The state of

Sri Anumakonda
15 min readSep 13, 2023

-- 7 years ago!

“Give me $1,250 and I can make your car drive on its own.”

It’s almost crazy to think that in a world where we’ve spent more than $100 billion in the self-driving industry, we haven’t even truly solved the problem of self-driving cars. When will we get self-driving cars? How far have we even gotten from the DARPA days?

comma has been a company that’s stood out to me because of the amount of progress that they’ve made with some of the most limited resources compared to the overall industry. I’ve spent the past little bit understanding what the fascination with end2end learning + solving self-driving with cameras is and why this will be the way we solve self-driving.

My intention with this blog is to dive into the software of through this year’s COMMA_CON talks (end2end learning) since I am a computer vision geek, and to figure out where comma really is today + how far they are from “solving” self-driving. I’m going to focus on the two main computer vision talks focusing on the primary ML stack (Harald’s and Yassine’s) with my commentary and then provide my own thoughts with respect to how far comma is from solving the “self-driving problem.”

The openpilot tldr;

openpilot is an advanced driver assistance system (ADAS), which essentially is a level 2 driving system (out of the possible 5). It’s essentially the software that makes up the comma3 (and the 3x), which turns your car into a self-driving car.
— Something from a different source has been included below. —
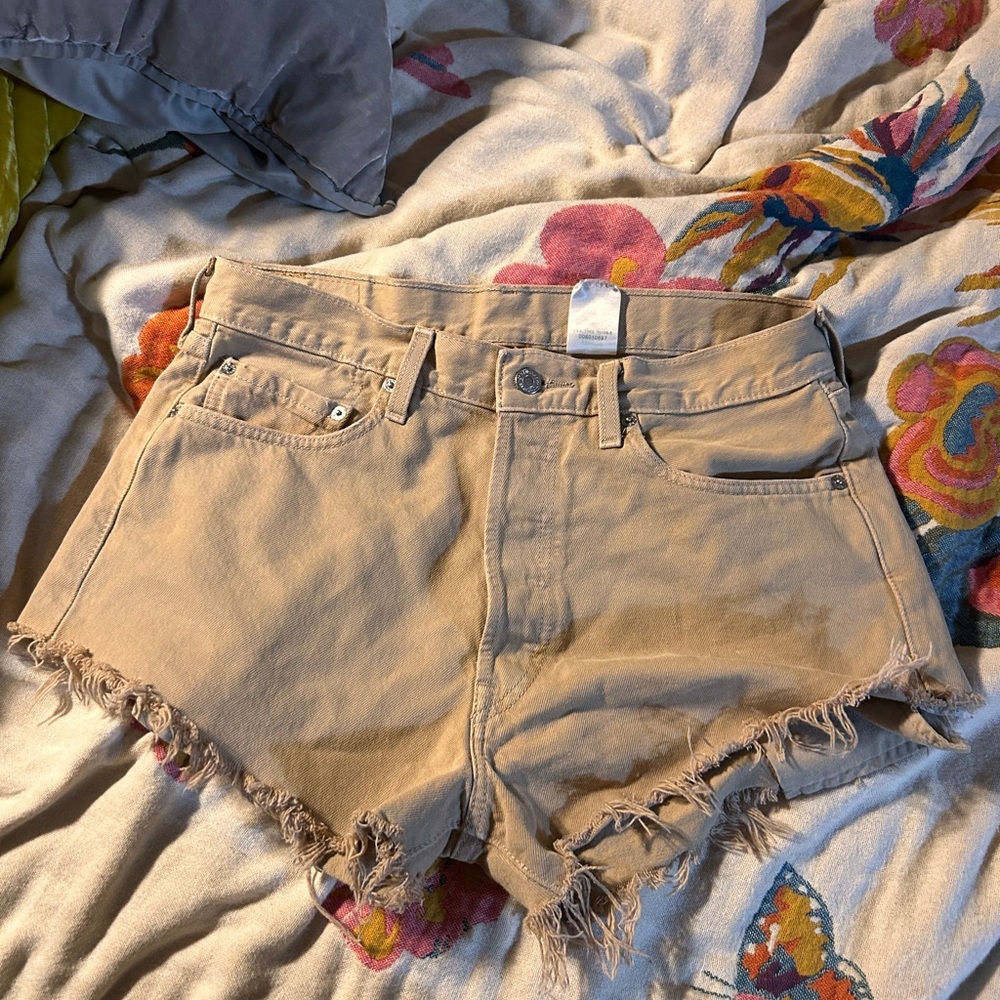 Levi's 501 Tan Frayed Jean Shorts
But if you wanted to actually control the car, how would that work? You can use a CAN BUS (Controller Area Network). The CAN BUS has two parts to it: an identifier and a data portion, which helps provide all the data you need to collect data (lateral + longitudinal data) + be able to hack into your car and make it drive on its own!

an example of a message sent in the bus! source.

The CAN-TO-USB interface (a.k.a, the panda) is what allows openpilot to send all the driving information into the car (which connects to the car via the OBD-II PORT).


The raw car data is then processed with the comma cabana in order to figure out what parts of the raw data are relevant to driving + which ones are not. From there, it’s simply a matter of figuring out what are the data pieces that need to be sent to the car + sending the control messages. panda ensures that the data being sent in the car is safe (and won’t make any accidental sharp turns/acceleration).

the higher level openpilot architecture. source.

For those curious to learn more about the technical specifics behind porting a car, Jason’s talk at COMMA_CON does a great job explaining it.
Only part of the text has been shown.